== SOURCE DATA ==

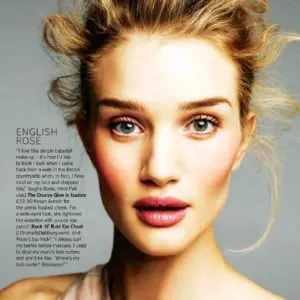 Rosie Huntington-Whiteley Glamour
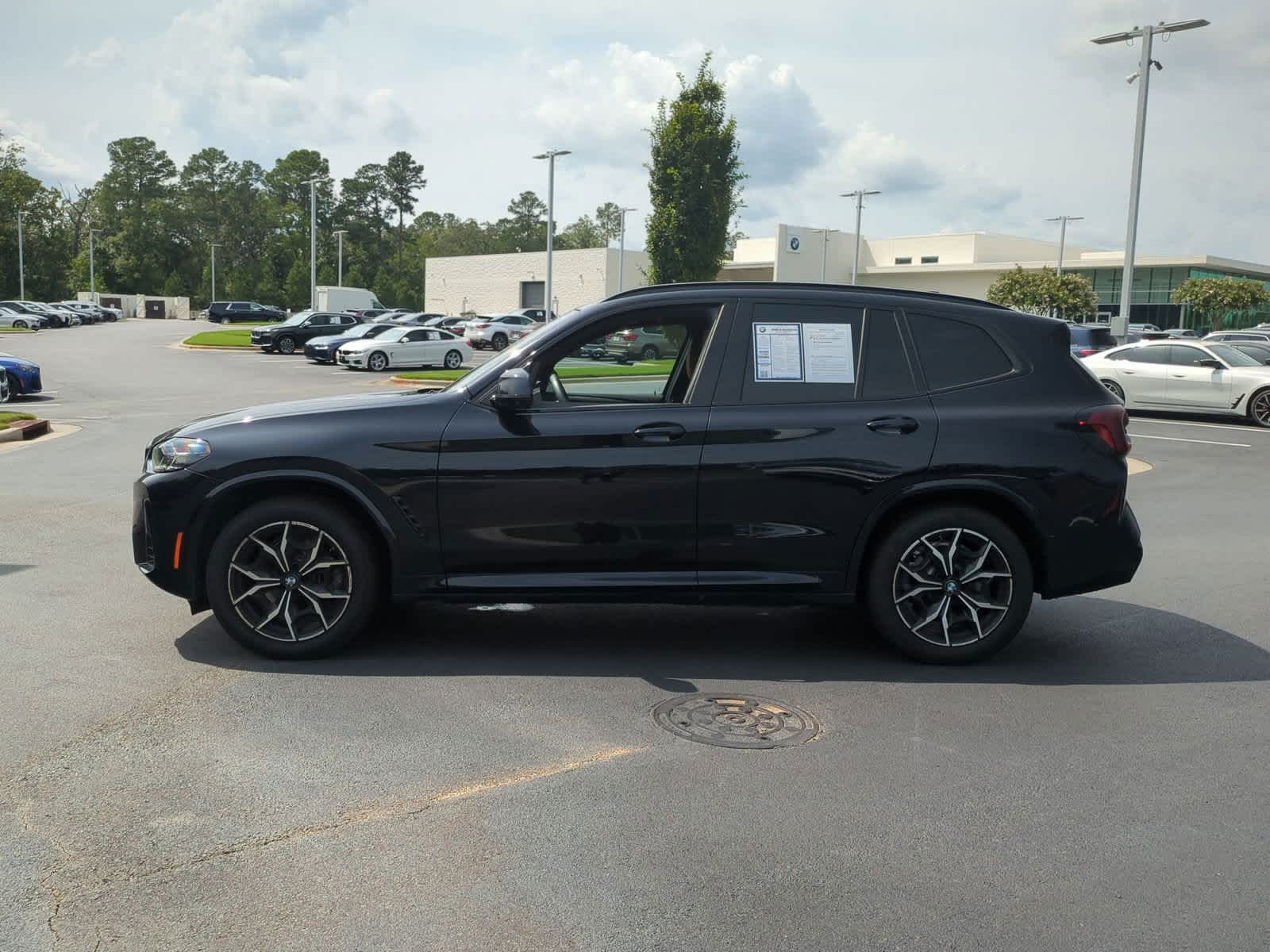 2024 BMW X3 sDrive30i 7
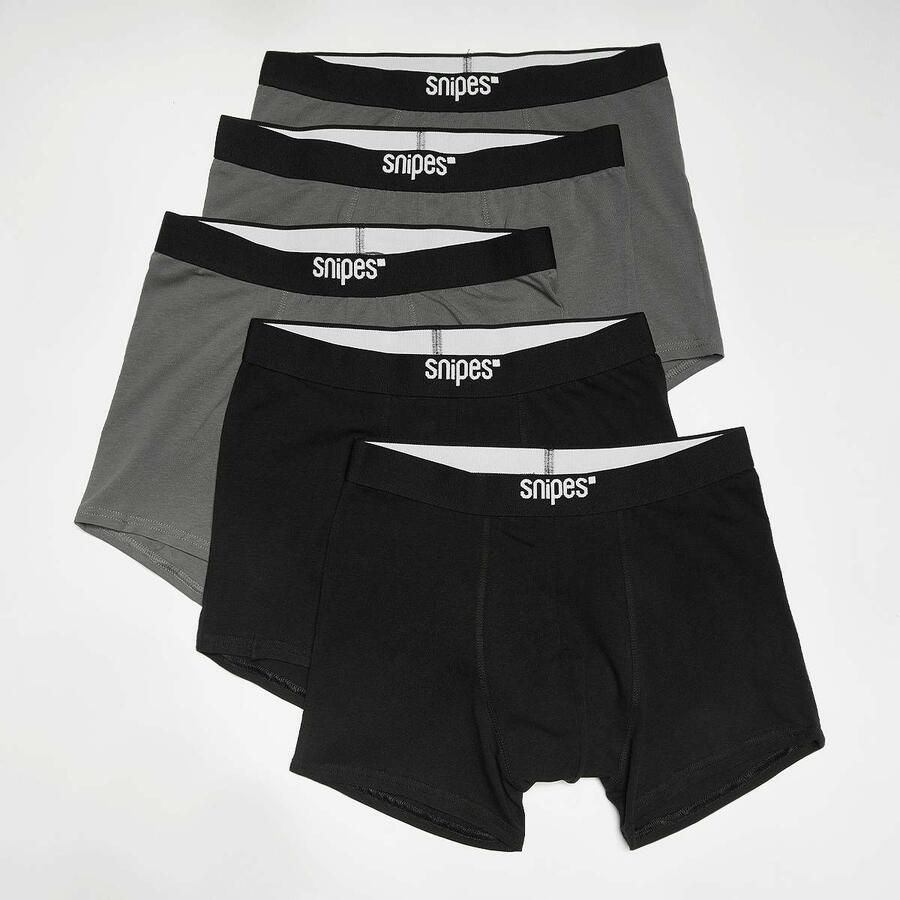 SNIPES 5 PACK Black Tape Briefs Boxershorts Men Onderbroeken multicolor Maat XXL Kleding - Foto 2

===

- **YOUR INSTRUCTIONS**: All lines from the line containing "2024 BMW X3 sDrive30i 7" through the end of the listing above are to be given again exactly; pictures are not part of the copy.

- **SOLUTION TO THE EXERCISE**:
 2024 BMW X3 sDrive30i 7
 SNIPES 5 PACK Black Tape Briefs Boxershorts Men Onderbroeken multicolor Maat XXL Kleding - Foto 2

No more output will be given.